Certainly, Lake’s decision to take over Engine, succeeding the Florida-based alternative investment form HIG Capital, which had a 40 percent stake in the group, has been given an upbeat reception. Lake now owns 85 percent of Engine while management and staff own 15 per cent.
"Engine is a fundamentally sound business with a good creative reputation, a highly rated management team and a genuinely blue-chip client book," one analyst points out.
"If Lake can find the right synergies, cut the right costs and make the right acquisitions, a business like Engine could actually provide the high margins and returns PE firms demand."
Not that Engine’s arrival in Lake’s stable has been completely smooth and without controversy even though Graunke and Scott have been friends since they first went shooting together in 1998.
Subsequently, Graunke helped Scott in an aborted attempt to buy a U.S. agency. After what became Engine bought its freedom from Havas, the pair had a conversation about a possible deal. However, Graunke says, "I wasn’t interested. At the time it was just WCRS. I wanted a bigger group."
Even as the takeover was about to be completed, a potential deal-breaker emerged as ex-Engine employees revolted at being offered less for their shares than existing staff.
Graunke clams the media blew the spat out of proportion before it was swiftly settled. Some though say it highlighted the dangers surrounding the sale of one privately-owned business to another.
The problem arose because, over the years, a number of successful entrepreneurs sold their businesses to Engine, accepting shares in part-payment in the expectation that Scott would eventually obtain stock market listing for those shares. However, inconsistent financial results meant a floatation never happened.
"Of course anyone who sells their company in exchange for shares in another privately owned company takes a risk and must be prepared to suffer the consequences," Willott says. "And that is one of the lessons that may be learned from this affair, not least by those continuing employee shareholders of Engine who are being offered shares in a new Lake-controlled holding company rather than cash."

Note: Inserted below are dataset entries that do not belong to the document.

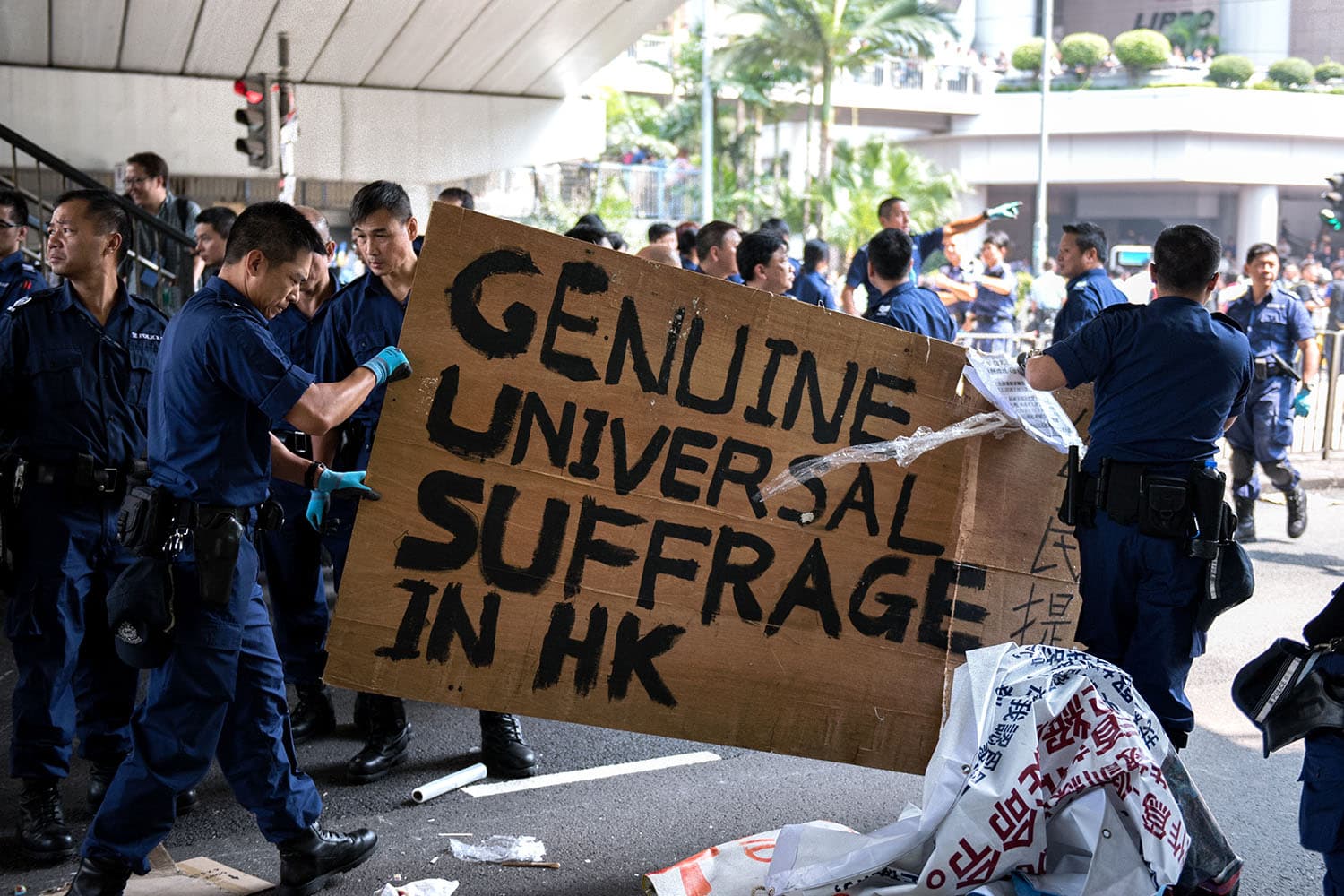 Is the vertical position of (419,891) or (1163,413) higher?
(1163,413)

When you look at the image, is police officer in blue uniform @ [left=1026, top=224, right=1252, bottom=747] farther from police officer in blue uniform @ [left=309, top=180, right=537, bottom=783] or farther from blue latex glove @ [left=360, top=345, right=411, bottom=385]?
police officer in blue uniform @ [left=309, top=180, right=537, bottom=783]

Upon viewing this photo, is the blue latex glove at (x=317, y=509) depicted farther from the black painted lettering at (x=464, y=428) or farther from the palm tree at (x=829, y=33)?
the palm tree at (x=829, y=33)

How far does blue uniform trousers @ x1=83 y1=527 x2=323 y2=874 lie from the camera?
3.67 meters

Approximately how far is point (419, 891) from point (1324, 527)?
27.8ft

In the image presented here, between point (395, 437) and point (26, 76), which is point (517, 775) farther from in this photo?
point (26, 76)

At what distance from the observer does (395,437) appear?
353cm

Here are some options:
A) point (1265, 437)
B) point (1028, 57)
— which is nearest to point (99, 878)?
point (1265, 437)

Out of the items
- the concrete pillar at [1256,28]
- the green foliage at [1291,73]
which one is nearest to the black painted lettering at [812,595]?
the concrete pillar at [1256,28]

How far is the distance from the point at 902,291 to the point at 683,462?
3.00 m

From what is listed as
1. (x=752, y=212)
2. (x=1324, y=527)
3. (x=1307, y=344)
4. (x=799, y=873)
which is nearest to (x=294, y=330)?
(x=799, y=873)

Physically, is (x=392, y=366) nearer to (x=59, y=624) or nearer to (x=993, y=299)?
(x=59, y=624)

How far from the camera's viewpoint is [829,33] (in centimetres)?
3128

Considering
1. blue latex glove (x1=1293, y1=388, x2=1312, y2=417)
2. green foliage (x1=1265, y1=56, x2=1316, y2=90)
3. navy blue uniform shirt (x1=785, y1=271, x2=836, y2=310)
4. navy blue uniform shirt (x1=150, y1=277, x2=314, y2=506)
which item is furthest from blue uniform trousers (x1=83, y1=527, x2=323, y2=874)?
green foliage (x1=1265, y1=56, x2=1316, y2=90)

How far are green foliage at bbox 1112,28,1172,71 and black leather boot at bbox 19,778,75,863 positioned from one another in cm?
4646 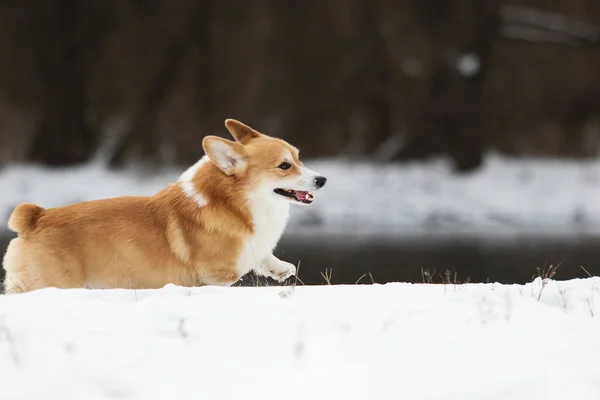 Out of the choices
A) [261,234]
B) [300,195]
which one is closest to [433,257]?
[300,195]

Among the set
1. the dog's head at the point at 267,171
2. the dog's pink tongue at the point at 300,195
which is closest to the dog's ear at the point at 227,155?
the dog's head at the point at 267,171

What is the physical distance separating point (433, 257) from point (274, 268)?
5345mm

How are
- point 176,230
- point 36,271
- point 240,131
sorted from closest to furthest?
point 36,271 < point 176,230 < point 240,131

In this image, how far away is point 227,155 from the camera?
4.86 meters

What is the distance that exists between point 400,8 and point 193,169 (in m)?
13.0

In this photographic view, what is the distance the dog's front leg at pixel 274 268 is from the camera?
5.03 m

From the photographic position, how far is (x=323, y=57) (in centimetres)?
1755

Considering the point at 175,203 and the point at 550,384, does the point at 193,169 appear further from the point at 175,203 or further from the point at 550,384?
the point at 550,384

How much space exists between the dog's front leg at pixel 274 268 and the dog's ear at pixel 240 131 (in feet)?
2.74

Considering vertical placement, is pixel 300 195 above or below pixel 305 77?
below

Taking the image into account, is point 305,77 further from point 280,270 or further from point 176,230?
point 176,230

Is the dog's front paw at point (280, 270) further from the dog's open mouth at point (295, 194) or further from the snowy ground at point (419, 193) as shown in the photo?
the snowy ground at point (419, 193)

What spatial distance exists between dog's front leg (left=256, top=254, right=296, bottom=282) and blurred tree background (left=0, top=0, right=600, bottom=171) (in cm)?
1190

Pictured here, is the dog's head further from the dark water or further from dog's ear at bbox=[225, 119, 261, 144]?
the dark water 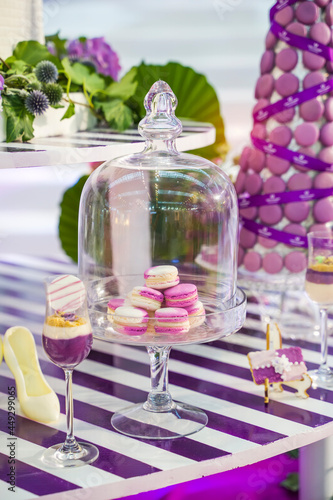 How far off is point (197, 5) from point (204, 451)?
289cm

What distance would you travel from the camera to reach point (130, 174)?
61.4 inches

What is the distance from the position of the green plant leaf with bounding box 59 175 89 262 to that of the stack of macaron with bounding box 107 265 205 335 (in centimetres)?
136

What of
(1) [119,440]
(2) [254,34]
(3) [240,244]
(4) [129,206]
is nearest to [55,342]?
(1) [119,440]

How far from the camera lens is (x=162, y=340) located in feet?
4.33

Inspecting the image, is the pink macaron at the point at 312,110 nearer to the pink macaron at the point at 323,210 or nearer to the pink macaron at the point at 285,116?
the pink macaron at the point at 285,116

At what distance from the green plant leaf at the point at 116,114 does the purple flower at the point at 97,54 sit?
0.28 metres

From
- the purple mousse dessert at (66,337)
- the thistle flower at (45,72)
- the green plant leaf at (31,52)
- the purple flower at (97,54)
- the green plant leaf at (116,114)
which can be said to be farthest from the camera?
the purple flower at (97,54)

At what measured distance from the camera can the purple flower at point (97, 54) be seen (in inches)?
86.4

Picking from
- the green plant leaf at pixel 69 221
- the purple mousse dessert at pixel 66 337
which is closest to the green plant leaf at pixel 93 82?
the green plant leaf at pixel 69 221

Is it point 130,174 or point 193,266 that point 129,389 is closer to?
point 193,266

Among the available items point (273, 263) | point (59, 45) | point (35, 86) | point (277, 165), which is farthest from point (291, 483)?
point (59, 45)

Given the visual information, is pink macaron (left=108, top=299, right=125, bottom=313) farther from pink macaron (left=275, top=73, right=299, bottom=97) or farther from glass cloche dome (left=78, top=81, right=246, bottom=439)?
pink macaron (left=275, top=73, right=299, bottom=97)

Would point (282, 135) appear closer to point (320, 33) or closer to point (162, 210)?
point (320, 33)

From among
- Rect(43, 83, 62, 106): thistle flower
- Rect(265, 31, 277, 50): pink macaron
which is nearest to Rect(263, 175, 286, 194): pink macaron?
Rect(265, 31, 277, 50): pink macaron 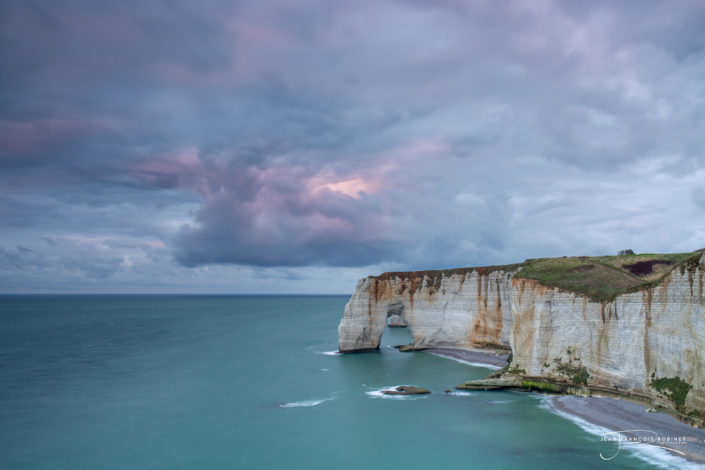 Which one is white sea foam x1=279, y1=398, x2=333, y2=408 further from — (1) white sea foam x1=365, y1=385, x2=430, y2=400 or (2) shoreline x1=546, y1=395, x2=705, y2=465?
(2) shoreline x1=546, y1=395, x2=705, y2=465

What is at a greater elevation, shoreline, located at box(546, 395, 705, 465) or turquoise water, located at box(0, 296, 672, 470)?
shoreline, located at box(546, 395, 705, 465)

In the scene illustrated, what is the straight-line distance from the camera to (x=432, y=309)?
62594 millimetres

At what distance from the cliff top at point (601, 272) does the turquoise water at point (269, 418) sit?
10.3 metres

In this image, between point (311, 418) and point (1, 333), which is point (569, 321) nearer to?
point (311, 418)

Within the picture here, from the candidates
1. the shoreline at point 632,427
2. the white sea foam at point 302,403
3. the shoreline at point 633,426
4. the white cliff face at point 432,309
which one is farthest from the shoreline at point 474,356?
the white sea foam at point 302,403

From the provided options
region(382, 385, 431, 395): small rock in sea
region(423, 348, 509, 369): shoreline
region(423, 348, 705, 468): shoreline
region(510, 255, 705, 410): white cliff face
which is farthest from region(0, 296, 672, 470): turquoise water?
region(510, 255, 705, 410): white cliff face

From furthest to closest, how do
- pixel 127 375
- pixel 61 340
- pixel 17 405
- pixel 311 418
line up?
pixel 61 340 < pixel 127 375 < pixel 17 405 < pixel 311 418

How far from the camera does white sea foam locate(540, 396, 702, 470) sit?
23.5 m

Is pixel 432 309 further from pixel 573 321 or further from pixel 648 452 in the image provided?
pixel 648 452

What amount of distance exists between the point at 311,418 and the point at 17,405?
1011 inches

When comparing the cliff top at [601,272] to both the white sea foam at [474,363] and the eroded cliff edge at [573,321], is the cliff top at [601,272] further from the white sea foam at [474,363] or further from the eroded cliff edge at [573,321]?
the white sea foam at [474,363]

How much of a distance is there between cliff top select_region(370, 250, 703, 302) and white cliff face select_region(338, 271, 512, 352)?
27.3 feet

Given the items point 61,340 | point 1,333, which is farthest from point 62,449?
point 1,333

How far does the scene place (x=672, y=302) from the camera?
30.0 metres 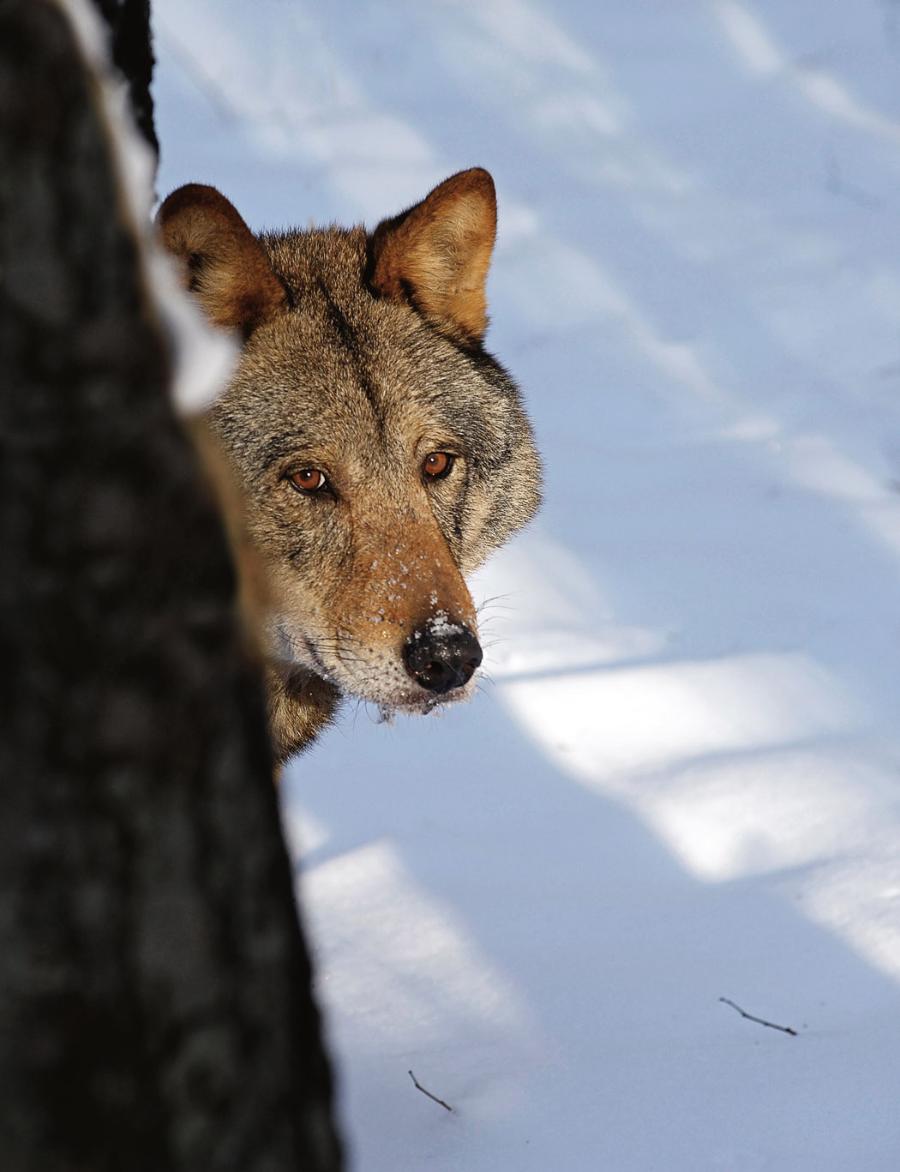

Moreover, Willott adds, senior Engine executives who had already profited healthily from the HIG sale, acquiesced in a deal that offered less to departed employees whose companies Engine had bought than was being offered to existing employees.
"This may have been regarded as clever commercial deal-making – but it begged an enormous question about morals," Willott concludes.
So was the tactic moral as well as legal? Graunke has no doubts that it was. But while that may be debatable what’s certain is that while he may talk the talk of a marketer he can still walk the walk of a very canny operator.